Il Centro Nazionale Trapianti appoggia la proposta di far conoscere alla famiglia del donatore chi sia il ricevente di un organo. In base alla considerazione che quest’ultimo “non sa chi ringraziare” e che i parenti del donatore vorrebbero sapere quale sia il risultato della loro generosità. Sulla carta sembra ragionevole, e molto umano. Nei fatti, se oggi la legge impedisce che ci sia questa possibilità è per ragioni molto solide. Del tipo: quale dipendenza psicologica si instaurerebbe tra chi ha ricevuto l’organo e grazie a quello vive e la famiglia di chi lo ha donato? Si sentirebbe in debito perpetuo. E cosa accadrebbe se un giorno un parente del donatore si presentasse a casa sua dicendogli che ha bisogno di un prestito? Ancora: cosa scatterebbe nella mente di un genitore che vede crescere un bambino che porta dentro il cuore o il rene di suo figlio morto? Quale contatto permanente vorrebbe trovare con quel bambino, entrando nella vita di quella famiglia, come se un pezzo di suo figlio ancora gli appartenesse? E poi: se dopo il trapianto c’è il rigetto, se dopo un anno il ricevente muore, quale lutto raddoppiato ci sarebbe per chi ha donato quegli organi? È lo stesso discorso delle adozioni: c’è una associazione di figli adottati che vuole costringere per legge chi li ha abbandonati a essere rintracciabile, oggi è vietato. Anche lì, la motivazione è che sia diritto della persona sapere chi siano i genitori biologici, se ha fratelli biologici, riallacciare rapporti. Con quale reale situazione, che si creerebbe nelle nuove famiglie costituite dopo quell’abbandono?
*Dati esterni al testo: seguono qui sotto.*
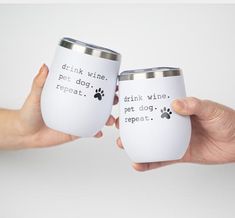 two white wine tumblers with words on them being held by someone's hand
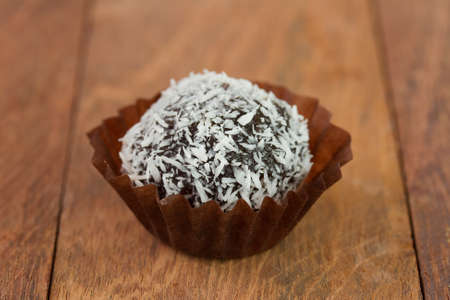 chocolate truffles with coconut on the tableの写真素材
E quale madre che oggi può disconoscere il figlio partorendolo in sicurezza in ospedale continuerebbe a farlo, sapendo che dopo trent’anni questo busserà alla sua porta? Sembra un discorso crudele, e certamente lo è nel vissuto di chi sia stato abbandonato: ma le motivazioni che hanno spinto una genitrice a quel gesto saranno state tanto enormi che rimetterle in discussione dopo decenni, riaprire le ferite che hanno portato a quella decisione più che il riconoscimento di un diritto ( di chi è stato abbandonato) sembra una vendetta nei confronti di chi lo ha fatto. Talvolta, il meglio è nemico del bene. E come dicono gli inglesi, bisogna sempre pensare due volte a quello che si desidera: potrebbe realizzarsi.